日本ではたぶん1990年代の途中頃からだったと思いますが、「自分さがし」「自分らしく」という言葉がよく使われるようになりました。
自分はもともと特別なOnly oneの存在であり、人生は自分さがしの旅であるとも言われてきました。
その考えとともに、SMAPの「世界に一つだけの花」が、多くの人びとから圧倒的な支持を得たのでした。
この時代の変わり目は、おそらく昭和時代の「みんなで手をとりあってがんばっていこう」という集団に価値を置く考え方から、個を尊重する価値観に変化してきた頃と合致しています。
かと言って、個を尊重するから他者との協力や協調は否定するという流れではなかったのです。
そして、個を自立させながら、お互いにつながり、共生していくという価値観が現在の考え方や行動規範の価値観となっています。
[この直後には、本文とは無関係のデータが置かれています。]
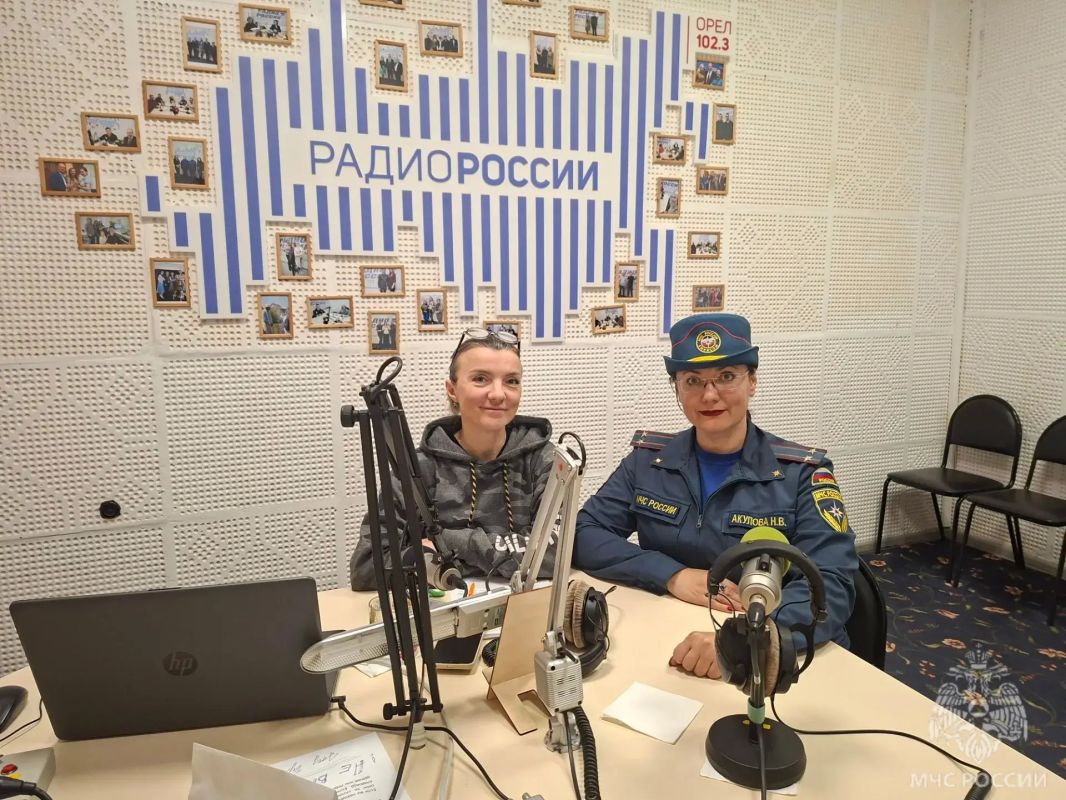 В прямом эфире «Радио России» - о задачах гражданской обороны и сезонных рисках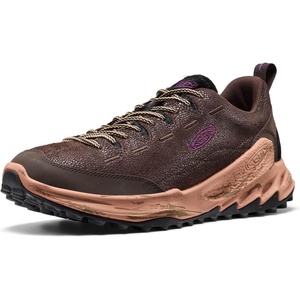 KEEN Men’s Jasper Zionic Durable Tread Suede Climbing Approach Style Hiking Shoes(Terrain Java)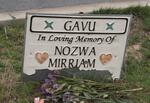 GAVU Nozwa Mirriam 2005-2005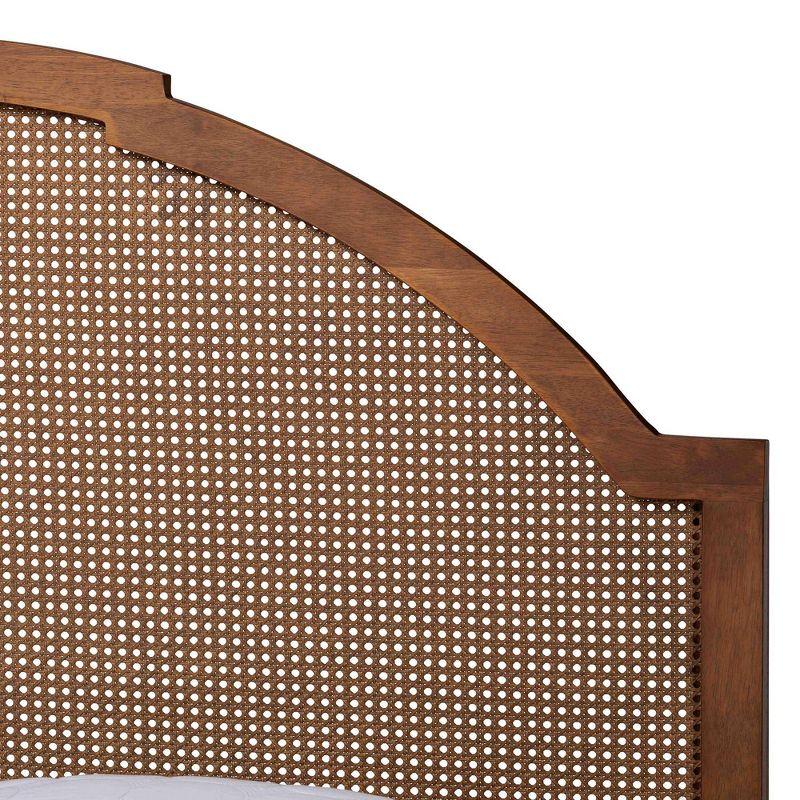 Bayou Breeze Baxton Studio Besim Mid-Century Brown Storage Bed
しかし、わたしはあまり「自分さがし」や「自分らしさ」にこだわらなくてもいいのではないかと考えています。
周りに埋没せず、自分を浮き立たせようとすれば、自分らしさは必然的に他者との比較をすることになるからです。
その時点で、もう本来の自分らしさから離れてしまっているのです。
何をしていたら自分なのか、何をしていたら自分ではないのか。
そのように考え出すときりがないのです。
いまの自分とはちがう自分がどこかにあるはず。
誰も知らない本当の自分がどこかに眠っているので、それを引き出せば悩みが吹き飛ぶ。
もうそういう30年来の考えは、そろそろやめにしたほうがいいと思います。
自分さがしや自分らしさが、必然的に他者との比較を生むのであれば、さがすべきは自分がおもしろいとか楽しいとか気持ちが良いと感じることができる人間関係や環境です。
自分らしさとは、周りの世界とかかわるときに現れる変化する自分です。